Well, it had to happen. Time to review one of the most critically-reviled movies of all time, and it's called Kick-Ass 2. Ebert's new guy called it "one of the year's worst films." The Onion gives it a C. Personally, I think we're all getting a little tired of superhero movies, and things like Jonah Hex and Kick-Ass are bound to fall victim to that. I won't dwell on all the negativity, mostly because I just saw the following web page, but also because of this: John Leguizamo. Sure, he's made a bad movie here and there, but they're always cool. And John Leguizamo is in Kick-Ass 2, playing the part of the calming influence that tempers the bad guy's rage, because he's no longer young and raging himself. Now I ask you: is John Leguizamo going to appear in a movie that's not cool? Of course not! Is Jim Carrey? Hell no! Are they going to take lower salaries to be a part of this? Maybe!

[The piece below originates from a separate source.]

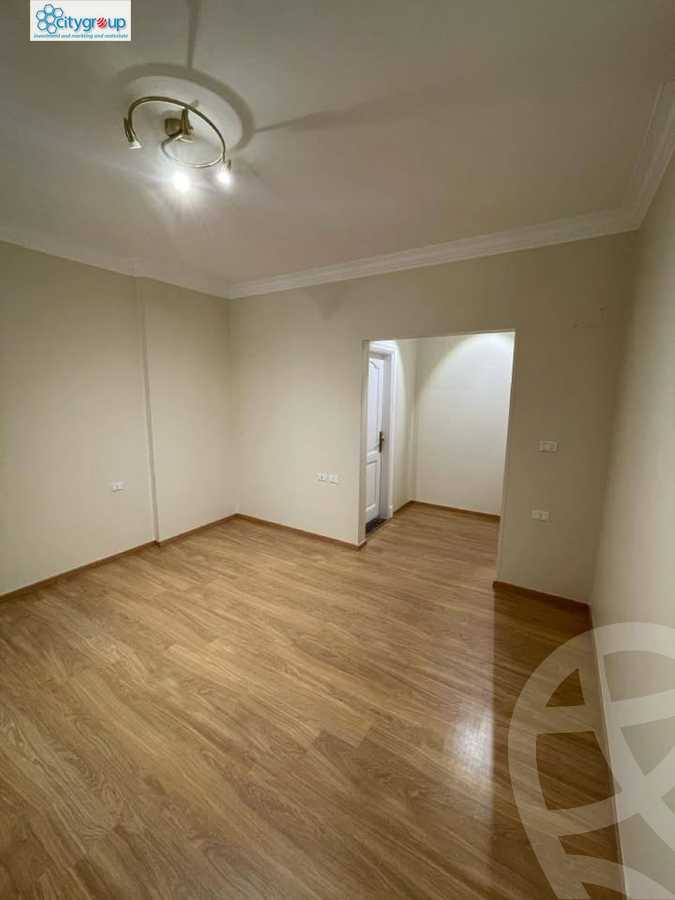 https://aqarmap.com.eg/en/listing/5787102-for-rent-cairo-el-maadi-zahraa-el-maadi-zahraa-el-maadi-st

...damn. Just remembered The Pest. It'll take me a while to shake that one off again. And I only saw about three minutes of it! Anyway, back to Kick-Ass 2. Now, my friend and I went to see it last night. Expectations were high. Afterwards, however, the friend was a little disappointed with the script, and they told me that they thought they could've written a better one. And perhaps that's true, but that's not for me to say. As for me, I thought this second installment was slightly better than the first. The first one, frankly, had a few dead spots. More specifically, the scene where Kick-Ass is rubbing some lotion on girlfriend Katie's naked back. And of course, the whole thing about Kick-Ass telling his girlfriend that he's not gay, with the stipulation that there's nothing wrong with that. But it is what it is. Somehow the sequel has less dead spots, and just keeps moving right along. Sure, the plot was a tad predictable, and movie homages were everywhere to be found, but I still found myself entertained. It's more for the kids, really.
Take Hit Girl's ventures into high school. One could call it a rip-off of Mean Girls, or Heathers, or any number of other movies, but Hit Girl does put her own unique spin on the cliché that is high school. Spoiler alert: it puts the Farrelly brothers to shame; more specifically, their relative tastefulness in Me, Myself and Irene. Moretz is once again the shining star of the movie, at least on the good guy's side. On the bad guy's side, there's Mother Russia played by newcomer Olga Kurkulina. I tried in vain to figure out who the actress was, or maybe I was just pining for my youth, which consisted of Dolph Lundgren in Rocky IV, among others. Spoiler alert: I think her demise was a bit tasteless. It reminded me of what happened to Scratchy when he got a bunch of muscles. I dare say that Mother Russia is the one who really steals the movie.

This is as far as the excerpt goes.